The Black Keys’ Dan Auerbach on minivans, Zeppelin, and Ke$ha.
Your last album, Brothers, debuted at number three and sold close to a million records. Was that a surprise?
Absolutely. I mean, it was our seventh record, so to finally hear our songs on the radio was kind
of crazy, and it opened up the door for other songs to get played. But we’d toured like crazy, and each record sold better than the last one, so we definitely laid the groundwork.
You teamed up with Danger Mouse on this one, and we actually get a Zeppelin vibe on a couple of the songs.
Man, you know what? I never listen to Led Zeppelin. But, I mean, I don’t think Robert Plant or Jimmy Page listen to Led Zeppelin, either. We all probably obsessed over the same old blues records growing up.
What’s the scene like in Nashville, with you and Jack White and the Kings of Leon and all these rock guys living there?
It’s kind of mind-blowing. One minute I’m hanging with the Raconteurs, the next day I’m with Robert Plant, and then Ke$ha is calling me to get drunk. And there’s this history of the country outlaws in Nashville from the ’70s, and they all had kids, and those kids all hang out in the bars of East Nashville. I’ve hung out with hip-hop stars and rock’n’roll guys, but the fucking craziest people I’ve ever hung out with are the country people.
Wait, back up. You’re friends with Ke$ha?

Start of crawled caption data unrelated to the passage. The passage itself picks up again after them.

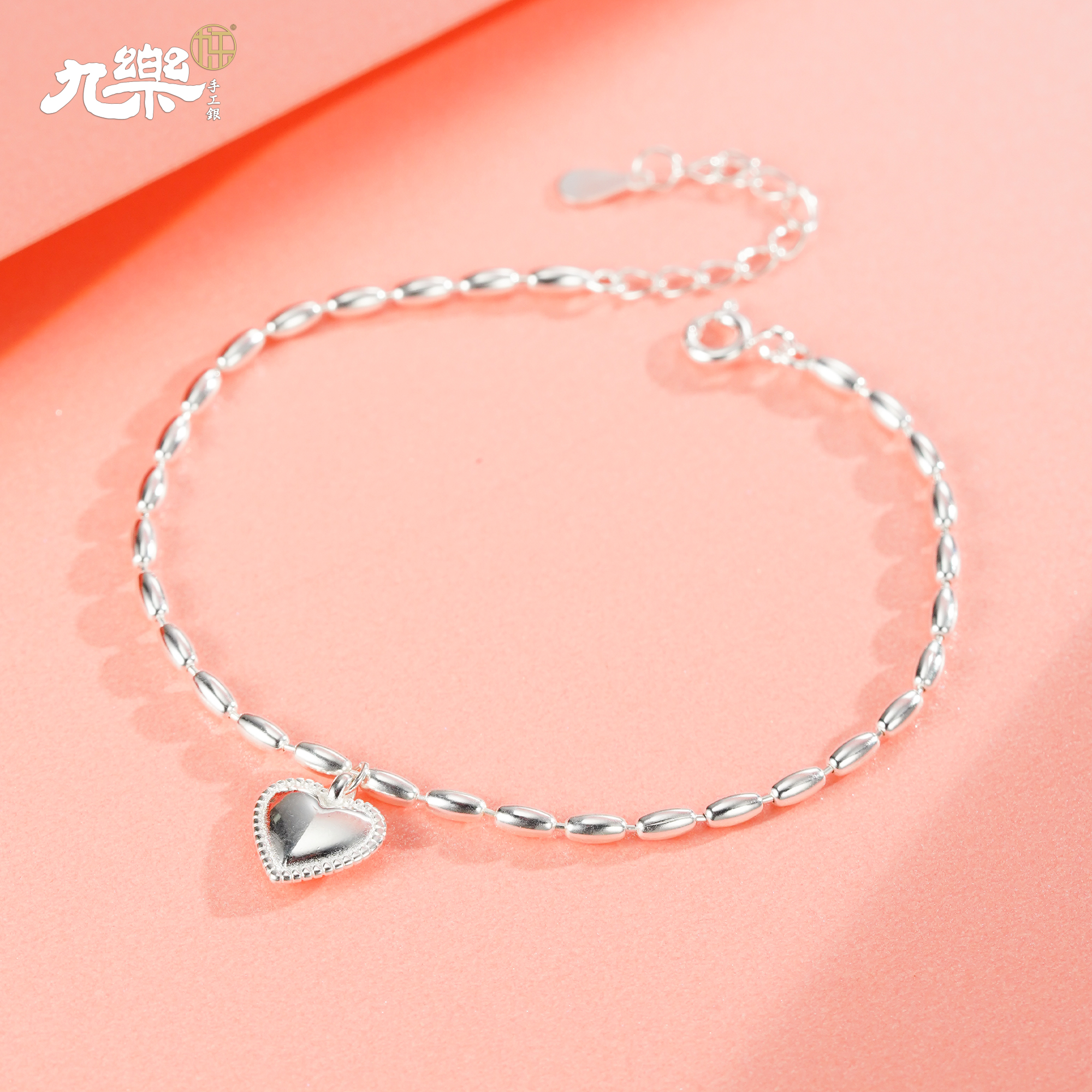 九乐 925银手链 小爱心手链1
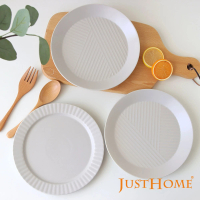 【Just Home】條紋色釉油切陶瓷餐盤3件組-湯盤+平盤(盤 油切 瀝油盤)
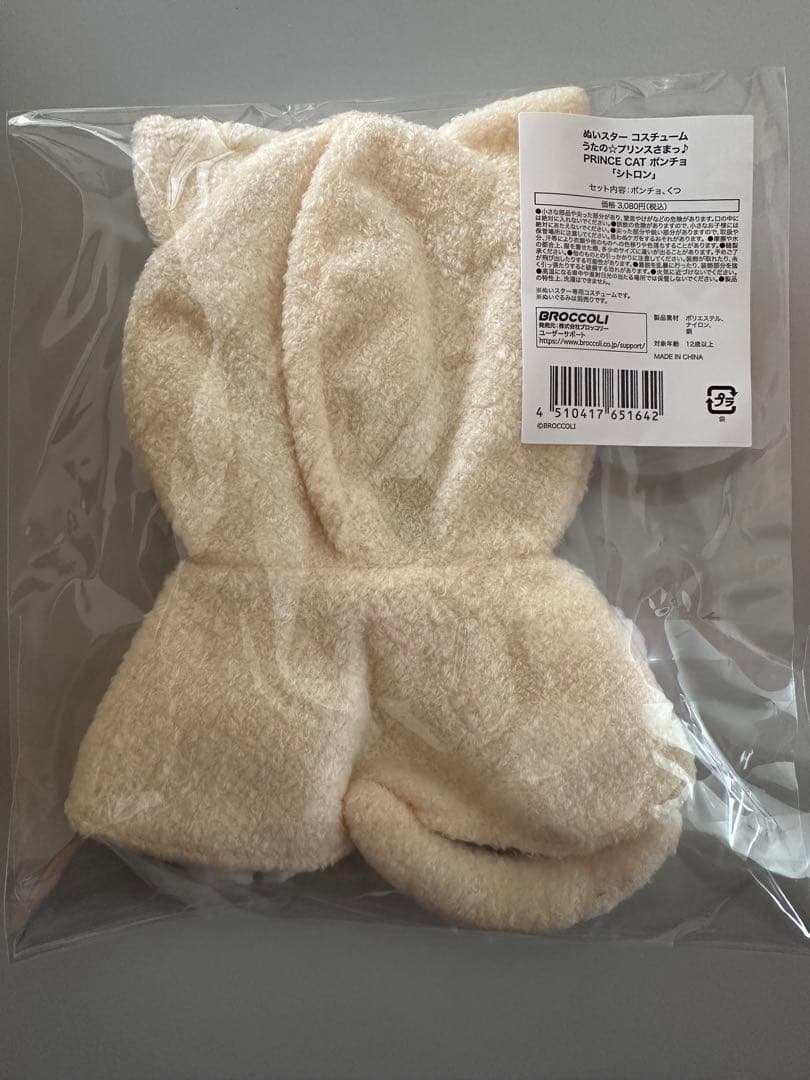 うたプリ　プリンスキャット　ポンチョ　ぬいスター　シトロン　四ノ宮那月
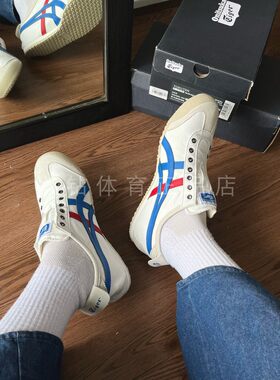 Onitsuka Tiger鬼冢虎MEXICO66帆布男女休闲鞋透气 1183A360-121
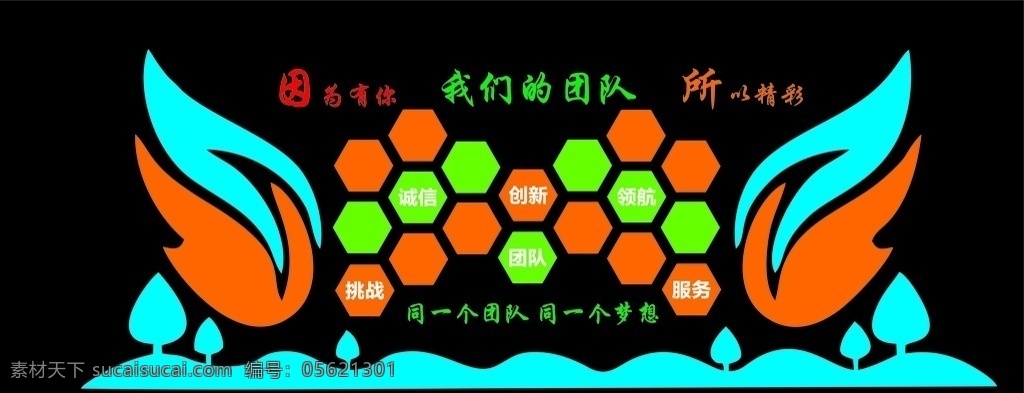 企业文化墙 文化墙 造型墙 企业造型墙 企业风采墙 活动剪影墙 可爱造型墙 团队造型墙 矢量图 大气文化墙 简洁文化墙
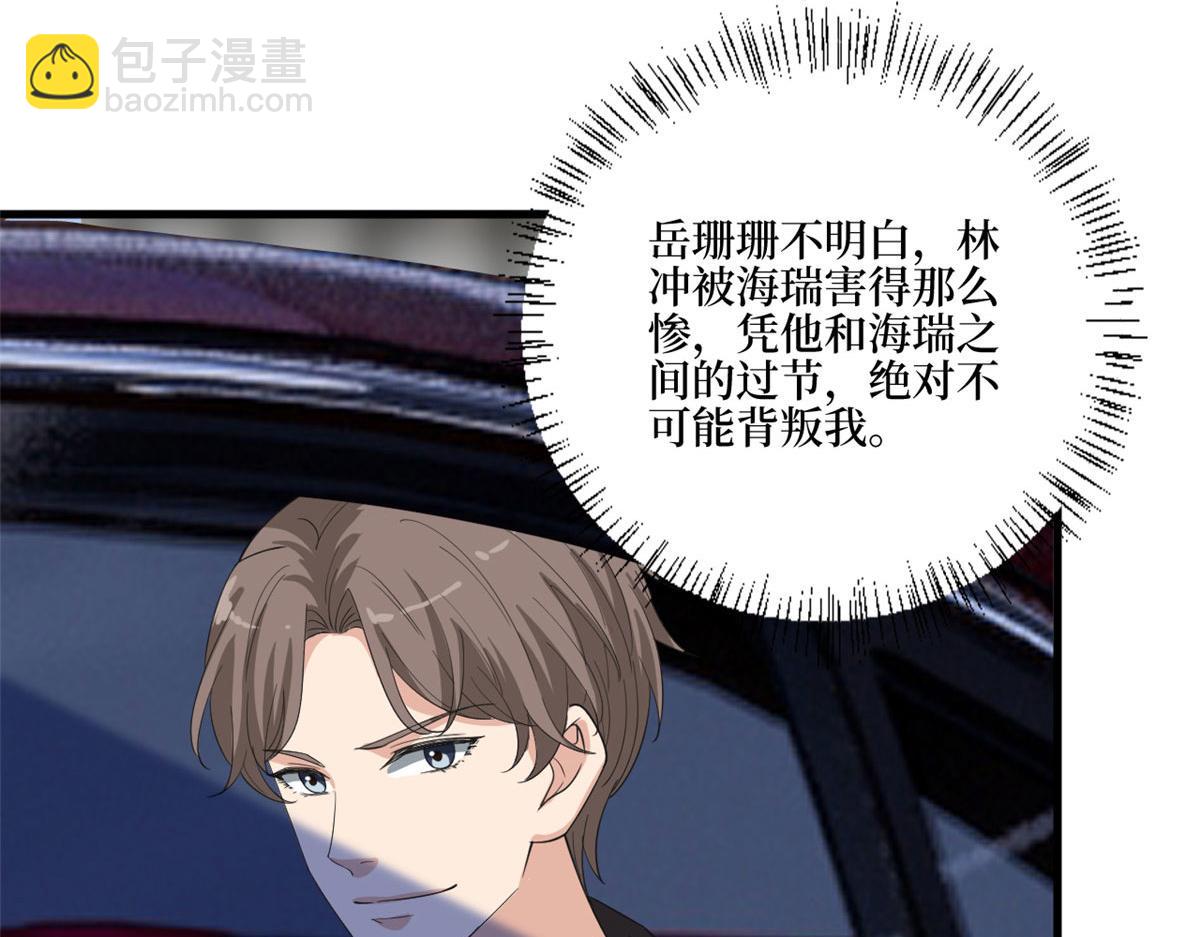第210话 证据(1/3)-第213话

When she was, like, 16 or 17 and not old enough to get into clubs to see us play, she’d always sneak in and then get kicked out. Through the front door, through the side door, through the fucking kitchen. She was always crazy.
The new album is called El Camino, but we’re pretty sure that’s not an El Camino on the cover.
Yeah, that’s actually the Plymouth Voyager that we used to tour in. For years we crisscrossed America in that shitty van; I don’t know if we want to sell it, but we might. We just thought it was ridiculous to call an album El Camino and then have a minivan on the cover.